Ses Eğitim Türleri 2

Ses Eğitimi, Şarkı Söyleme Eğitimi ve Şan Eğitimi Kavramlarının Birbirleriyle Olan İlişkileri

Bu üç tür ses eğitimi kavramı birbirleriyle yakından ilişkilidir ve birbirine bağlıdır. Bundan dolayı da müzik eğitiminde zaman zaman karıştırıldıkları görülmektedir.

Ses eğitimi; bireylere sesini konuşurken ve şarkı söylerken, anatomik ve fizyolojik yapısına uygun olarak kullanabilmesi için gereken davranışların kazandırıldığı, önceden saptanmış ilke ve yöntemlerle, plânlanan hedeflere yönelik olarak uygulanan, plânlı - programlı bir etkileşim sürecidir.

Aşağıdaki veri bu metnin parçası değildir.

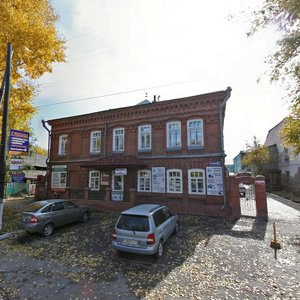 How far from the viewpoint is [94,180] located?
62.2ft

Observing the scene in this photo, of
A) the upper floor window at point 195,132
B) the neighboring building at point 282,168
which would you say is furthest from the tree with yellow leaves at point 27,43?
the neighboring building at point 282,168

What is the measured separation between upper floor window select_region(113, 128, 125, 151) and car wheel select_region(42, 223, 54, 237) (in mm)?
9323

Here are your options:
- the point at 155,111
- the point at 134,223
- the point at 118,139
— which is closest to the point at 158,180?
the point at 118,139

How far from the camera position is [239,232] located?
33.7ft

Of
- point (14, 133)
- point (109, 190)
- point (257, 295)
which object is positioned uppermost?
point (14, 133)

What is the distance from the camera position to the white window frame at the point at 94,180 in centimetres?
1878

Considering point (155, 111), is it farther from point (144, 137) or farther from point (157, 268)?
point (157, 268)

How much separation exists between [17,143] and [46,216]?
4.23 m

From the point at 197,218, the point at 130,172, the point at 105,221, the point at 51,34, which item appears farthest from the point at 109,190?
the point at 51,34

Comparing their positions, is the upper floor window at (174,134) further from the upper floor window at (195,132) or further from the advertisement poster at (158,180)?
the advertisement poster at (158,180)

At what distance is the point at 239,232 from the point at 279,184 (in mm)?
27888

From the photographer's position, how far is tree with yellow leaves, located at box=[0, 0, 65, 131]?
10.5 meters

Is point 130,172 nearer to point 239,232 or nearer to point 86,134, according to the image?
point 86,134

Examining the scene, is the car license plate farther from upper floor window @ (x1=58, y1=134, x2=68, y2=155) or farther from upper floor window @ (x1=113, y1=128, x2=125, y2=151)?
upper floor window @ (x1=58, y1=134, x2=68, y2=155) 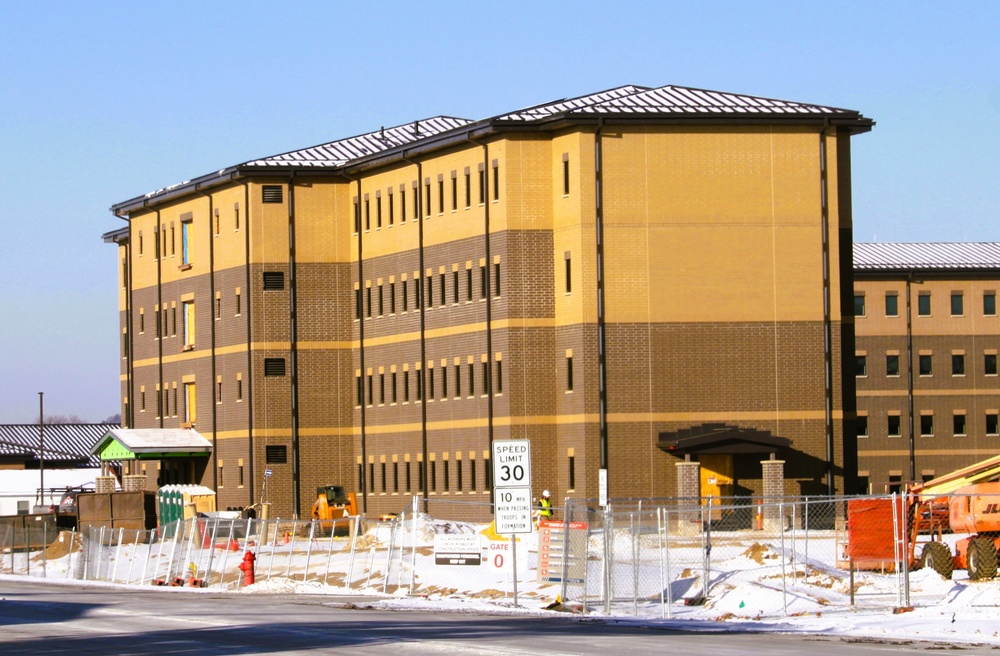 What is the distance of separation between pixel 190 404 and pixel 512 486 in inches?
1961

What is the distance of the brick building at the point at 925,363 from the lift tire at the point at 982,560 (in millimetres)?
63446

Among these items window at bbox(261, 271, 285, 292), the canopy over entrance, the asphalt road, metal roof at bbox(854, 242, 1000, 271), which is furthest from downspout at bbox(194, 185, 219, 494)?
the asphalt road

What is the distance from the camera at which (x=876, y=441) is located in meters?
100

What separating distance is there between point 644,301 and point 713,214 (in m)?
3.71

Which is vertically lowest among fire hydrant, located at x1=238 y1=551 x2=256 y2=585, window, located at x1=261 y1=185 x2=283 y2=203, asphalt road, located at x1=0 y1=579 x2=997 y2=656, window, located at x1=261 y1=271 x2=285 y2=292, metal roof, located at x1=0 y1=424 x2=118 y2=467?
fire hydrant, located at x1=238 y1=551 x2=256 y2=585

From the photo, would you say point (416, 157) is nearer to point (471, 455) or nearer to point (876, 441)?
point (471, 455)

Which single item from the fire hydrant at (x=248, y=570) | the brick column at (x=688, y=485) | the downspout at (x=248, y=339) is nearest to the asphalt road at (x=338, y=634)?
the fire hydrant at (x=248, y=570)

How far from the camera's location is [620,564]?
39.3 m

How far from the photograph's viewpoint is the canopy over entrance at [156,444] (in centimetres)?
7656

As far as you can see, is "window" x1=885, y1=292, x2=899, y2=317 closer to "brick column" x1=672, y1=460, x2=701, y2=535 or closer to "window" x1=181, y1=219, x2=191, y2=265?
"window" x1=181, y1=219, x2=191, y2=265

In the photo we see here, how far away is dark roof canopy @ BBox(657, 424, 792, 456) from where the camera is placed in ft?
202

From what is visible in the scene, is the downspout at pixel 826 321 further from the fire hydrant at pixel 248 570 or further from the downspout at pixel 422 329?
the fire hydrant at pixel 248 570

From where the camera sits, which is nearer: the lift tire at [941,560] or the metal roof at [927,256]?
the lift tire at [941,560]

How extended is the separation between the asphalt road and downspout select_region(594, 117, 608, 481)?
27.1 meters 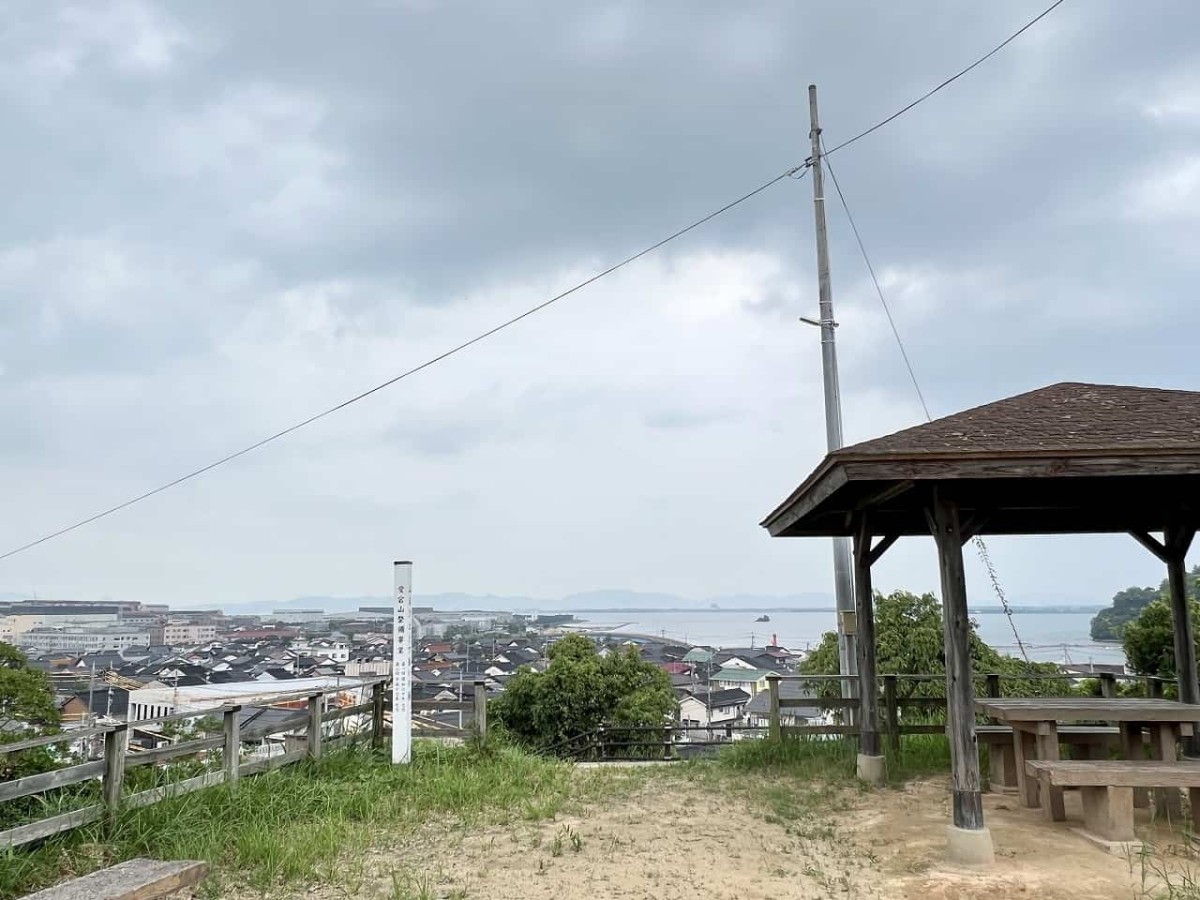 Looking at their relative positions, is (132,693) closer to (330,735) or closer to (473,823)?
(330,735)

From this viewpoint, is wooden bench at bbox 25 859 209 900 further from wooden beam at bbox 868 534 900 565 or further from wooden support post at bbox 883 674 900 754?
wooden support post at bbox 883 674 900 754

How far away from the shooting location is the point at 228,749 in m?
6.55

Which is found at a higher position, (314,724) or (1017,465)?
(1017,465)

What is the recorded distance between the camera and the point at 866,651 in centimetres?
774

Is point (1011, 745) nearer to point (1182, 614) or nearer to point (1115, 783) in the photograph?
point (1182, 614)

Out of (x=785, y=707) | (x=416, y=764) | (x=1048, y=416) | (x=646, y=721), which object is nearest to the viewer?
(x=1048, y=416)

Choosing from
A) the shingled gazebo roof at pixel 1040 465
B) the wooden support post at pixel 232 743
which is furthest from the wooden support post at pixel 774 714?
the wooden support post at pixel 232 743

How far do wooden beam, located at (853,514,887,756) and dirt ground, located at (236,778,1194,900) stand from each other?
931mm

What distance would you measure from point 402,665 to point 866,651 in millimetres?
4520

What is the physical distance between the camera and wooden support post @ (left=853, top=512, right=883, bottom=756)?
7652mm

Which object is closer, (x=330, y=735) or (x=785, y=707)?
(x=330, y=735)

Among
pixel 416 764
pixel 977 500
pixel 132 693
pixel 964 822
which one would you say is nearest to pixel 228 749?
pixel 416 764

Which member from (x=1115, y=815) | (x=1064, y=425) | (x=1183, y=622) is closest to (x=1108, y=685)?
(x=1183, y=622)

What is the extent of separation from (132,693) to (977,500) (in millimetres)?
21362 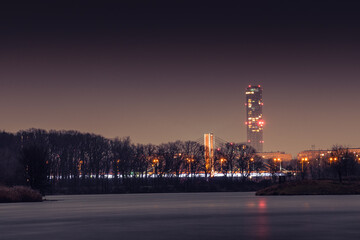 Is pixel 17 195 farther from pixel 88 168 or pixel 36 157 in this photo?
pixel 88 168

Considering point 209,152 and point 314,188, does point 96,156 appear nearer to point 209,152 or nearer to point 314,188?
point 209,152

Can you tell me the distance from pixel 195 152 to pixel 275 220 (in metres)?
143

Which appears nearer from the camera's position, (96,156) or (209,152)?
(96,156)

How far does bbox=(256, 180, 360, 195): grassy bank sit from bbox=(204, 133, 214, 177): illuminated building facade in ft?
270

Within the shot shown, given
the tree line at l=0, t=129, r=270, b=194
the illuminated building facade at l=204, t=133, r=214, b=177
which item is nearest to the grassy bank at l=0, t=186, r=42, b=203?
the tree line at l=0, t=129, r=270, b=194

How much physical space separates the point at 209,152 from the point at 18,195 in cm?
12278

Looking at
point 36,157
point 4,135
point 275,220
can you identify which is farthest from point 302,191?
point 4,135

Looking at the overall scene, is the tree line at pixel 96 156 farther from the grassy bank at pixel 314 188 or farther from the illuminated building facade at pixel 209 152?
the grassy bank at pixel 314 188

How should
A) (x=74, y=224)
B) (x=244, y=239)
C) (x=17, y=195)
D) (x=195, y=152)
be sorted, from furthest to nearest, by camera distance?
(x=195, y=152) → (x=17, y=195) → (x=74, y=224) → (x=244, y=239)

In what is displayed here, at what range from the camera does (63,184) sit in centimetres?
12950

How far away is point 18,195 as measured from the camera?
63688 millimetres

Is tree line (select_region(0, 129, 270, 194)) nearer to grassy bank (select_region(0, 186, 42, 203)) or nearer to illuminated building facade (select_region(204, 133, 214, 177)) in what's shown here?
illuminated building facade (select_region(204, 133, 214, 177))

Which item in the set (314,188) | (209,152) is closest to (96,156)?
(209,152)

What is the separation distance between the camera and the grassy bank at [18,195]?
6268 centimetres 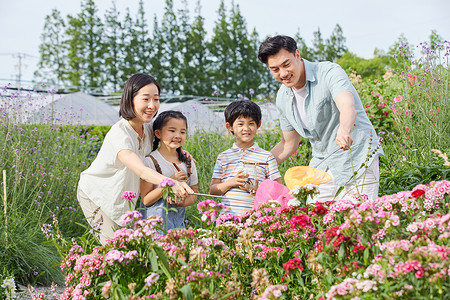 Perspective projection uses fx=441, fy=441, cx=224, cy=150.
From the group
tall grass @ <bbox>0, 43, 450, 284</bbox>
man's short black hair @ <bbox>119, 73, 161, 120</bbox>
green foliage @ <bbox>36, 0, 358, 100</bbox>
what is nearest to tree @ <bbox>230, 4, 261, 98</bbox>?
green foliage @ <bbox>36, 0, 358, 100</bbox>

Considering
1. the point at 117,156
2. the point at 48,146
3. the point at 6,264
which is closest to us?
the point at 117,156

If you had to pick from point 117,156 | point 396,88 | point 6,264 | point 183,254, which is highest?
point 396,88

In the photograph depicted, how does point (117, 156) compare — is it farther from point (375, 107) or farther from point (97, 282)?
point (375, 107)

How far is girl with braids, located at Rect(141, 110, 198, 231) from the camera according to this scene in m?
3.11

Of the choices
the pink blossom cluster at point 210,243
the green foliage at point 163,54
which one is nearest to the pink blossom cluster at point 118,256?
the pink blossom cluster at point 210,243

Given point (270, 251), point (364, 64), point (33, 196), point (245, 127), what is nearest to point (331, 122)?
point (245, 127)

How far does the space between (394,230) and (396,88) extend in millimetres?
6135

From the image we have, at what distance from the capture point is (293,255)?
2.14 meters

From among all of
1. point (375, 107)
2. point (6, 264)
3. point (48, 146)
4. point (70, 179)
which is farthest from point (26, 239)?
point (375, 107)

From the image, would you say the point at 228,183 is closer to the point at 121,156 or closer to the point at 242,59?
the point at 121,156

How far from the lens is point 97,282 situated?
6.86 feet

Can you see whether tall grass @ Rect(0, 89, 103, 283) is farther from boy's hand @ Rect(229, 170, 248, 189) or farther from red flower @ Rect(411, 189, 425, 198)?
red flower @ Rect(411, 189, 425, 198)

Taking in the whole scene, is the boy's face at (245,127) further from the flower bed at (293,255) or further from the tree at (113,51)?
the tree at (113,51)

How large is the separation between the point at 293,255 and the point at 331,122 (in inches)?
49.8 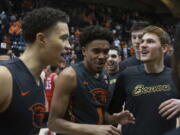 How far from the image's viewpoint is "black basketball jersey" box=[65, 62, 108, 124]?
2.71 metres

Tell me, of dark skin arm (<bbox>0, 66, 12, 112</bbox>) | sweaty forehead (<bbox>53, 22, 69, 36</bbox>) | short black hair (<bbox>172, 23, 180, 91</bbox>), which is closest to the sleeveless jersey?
sweaty forehead (<bbox>53, 22, 69, 36</bbox>)

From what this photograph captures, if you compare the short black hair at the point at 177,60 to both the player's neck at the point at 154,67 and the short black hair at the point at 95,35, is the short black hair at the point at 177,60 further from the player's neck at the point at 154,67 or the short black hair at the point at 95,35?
the player's neck at the point at 154,67

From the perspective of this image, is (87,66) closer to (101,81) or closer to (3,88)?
(101,81)

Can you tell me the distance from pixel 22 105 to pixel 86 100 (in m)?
0.72

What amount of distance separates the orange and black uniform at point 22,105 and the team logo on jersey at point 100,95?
552mm

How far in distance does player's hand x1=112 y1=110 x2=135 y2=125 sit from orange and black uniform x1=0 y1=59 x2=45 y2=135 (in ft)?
2.39

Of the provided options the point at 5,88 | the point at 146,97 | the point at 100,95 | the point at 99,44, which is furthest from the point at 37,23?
the point at 146,97

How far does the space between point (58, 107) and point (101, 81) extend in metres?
0.40

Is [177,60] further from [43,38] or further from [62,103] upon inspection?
[62,103]

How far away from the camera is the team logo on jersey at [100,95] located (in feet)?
9.05

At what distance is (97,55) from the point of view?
275 centimetres

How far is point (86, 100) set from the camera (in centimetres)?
271

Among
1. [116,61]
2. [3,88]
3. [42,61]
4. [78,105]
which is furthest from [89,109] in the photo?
[116,61]

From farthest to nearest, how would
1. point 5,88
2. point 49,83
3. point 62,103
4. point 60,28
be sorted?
point 49,83 < point 62,103 < point 60,28 < point 5,88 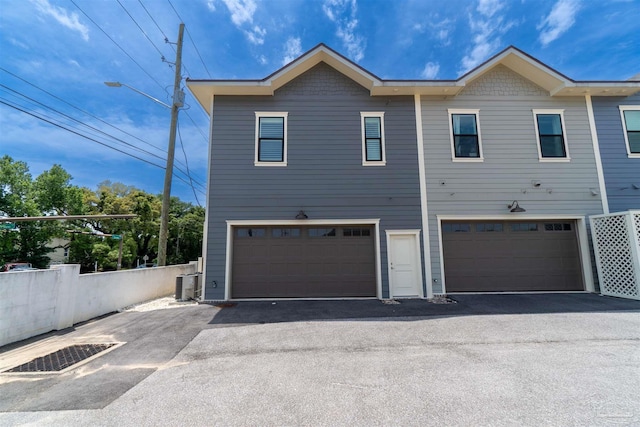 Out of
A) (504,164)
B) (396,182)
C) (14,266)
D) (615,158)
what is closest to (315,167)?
(396,182)

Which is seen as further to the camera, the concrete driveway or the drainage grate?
the drainage grate

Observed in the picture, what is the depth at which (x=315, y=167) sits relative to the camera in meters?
8.25

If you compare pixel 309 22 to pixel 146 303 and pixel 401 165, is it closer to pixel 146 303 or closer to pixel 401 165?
pixel 401 165

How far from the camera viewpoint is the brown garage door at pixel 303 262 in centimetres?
789

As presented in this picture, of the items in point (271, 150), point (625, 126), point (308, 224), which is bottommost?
point (308, 224)

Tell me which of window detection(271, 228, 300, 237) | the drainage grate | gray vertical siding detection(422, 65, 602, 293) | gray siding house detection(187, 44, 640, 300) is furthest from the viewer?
gray vertical siding detection(422, 65, 602, 293)

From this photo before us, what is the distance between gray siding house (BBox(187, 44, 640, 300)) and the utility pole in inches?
77.3

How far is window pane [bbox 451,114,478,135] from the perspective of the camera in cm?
852

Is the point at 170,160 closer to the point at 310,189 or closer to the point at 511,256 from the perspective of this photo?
the point at 310,189

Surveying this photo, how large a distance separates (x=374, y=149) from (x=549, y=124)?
5.49 meters

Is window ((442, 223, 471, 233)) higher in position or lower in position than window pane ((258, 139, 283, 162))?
lower

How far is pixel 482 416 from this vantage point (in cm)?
240

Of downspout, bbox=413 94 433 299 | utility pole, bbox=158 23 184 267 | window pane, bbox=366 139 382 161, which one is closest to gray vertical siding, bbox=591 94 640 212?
downspout, bbox=413 94 433 299

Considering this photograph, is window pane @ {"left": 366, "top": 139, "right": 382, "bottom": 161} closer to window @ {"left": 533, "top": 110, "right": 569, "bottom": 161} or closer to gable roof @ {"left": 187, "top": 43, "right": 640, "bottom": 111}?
gable roof @ {"left": 187, "top": 43, "right": 640, "bottom": 111}
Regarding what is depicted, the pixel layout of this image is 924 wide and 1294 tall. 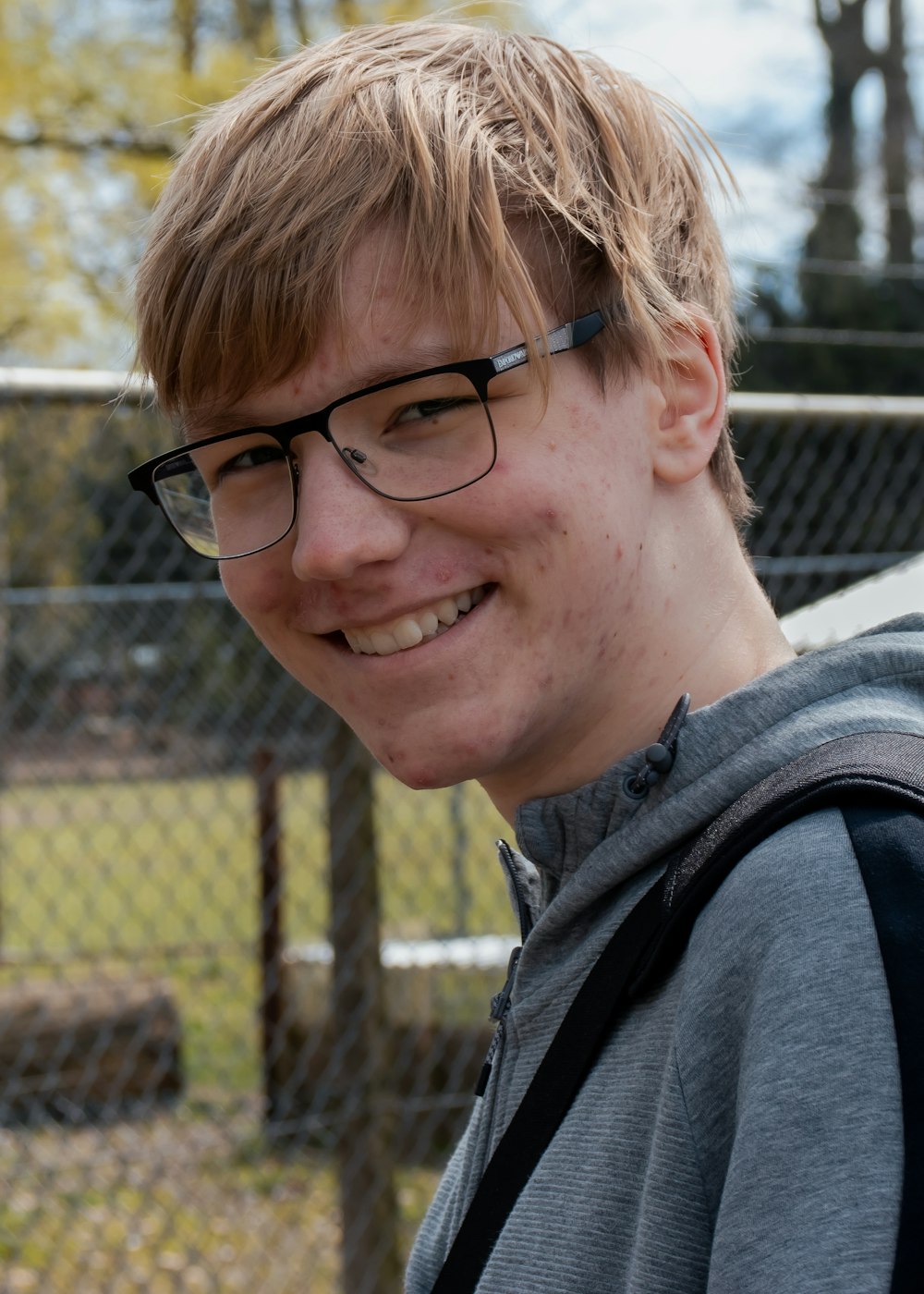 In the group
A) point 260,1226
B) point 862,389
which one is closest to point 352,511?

Ses eğitimi, her tür müzik eğitimi ve her düzeydeki eğitim basamağında uygulanır ve konuşma, şarkı söyleme ve şan eğitimi gibi ses eğitimi türlerini kapsar. Şan eğitiminde, özellikle şan eğitimi için bestelenmiş eserlerle opera aryalarının, sanatsal boyutta ve teknik üstünlükle söylenmesine ilişkin davranışlar kazandırılması amaçlanırken, şarkı söyleme eğitiminde, her tür ve düzeydeki şarkıları doğru, etkili ve güzel söylemeye yönelik olarak sesle ve müzikle ilgili davranışların kazandırılması amaçlanmaktadır. Şarkı söyleme eğitimi, şan eğitiminin temel basamağıdır.

Şarkı söyleme eğitimi daha çok genel ve özengen (amatör) müzik eğitimi verilen kurumlarda uygulanırken, şan eğitimi genellikle mesleksel müzik eğitiminin uygulandığı kurumlarda verilmektedir.

Özetle, ses eğitimi; sesin her tür etkinliğindeki (şarkı ve konuşma) doğru, etkili ve güzel kullanımını sağlamaya yönelik, şarkı söyleme eğitimi; ses eğitimiyle kazanılan davranışların her tür şarkı söylerken uygulanabilmesine yönelik, şan eğitimi ise; şarkı söyleme eğitiminden daha ileri bir düzeyde şarkı söyleme biçimi olan ve sesin dayanıklılık ve sağlamlık kazanabilmesine ilişkin olan davranışların kazandırıldığı disiplinler arası özel alan eğitimleridir.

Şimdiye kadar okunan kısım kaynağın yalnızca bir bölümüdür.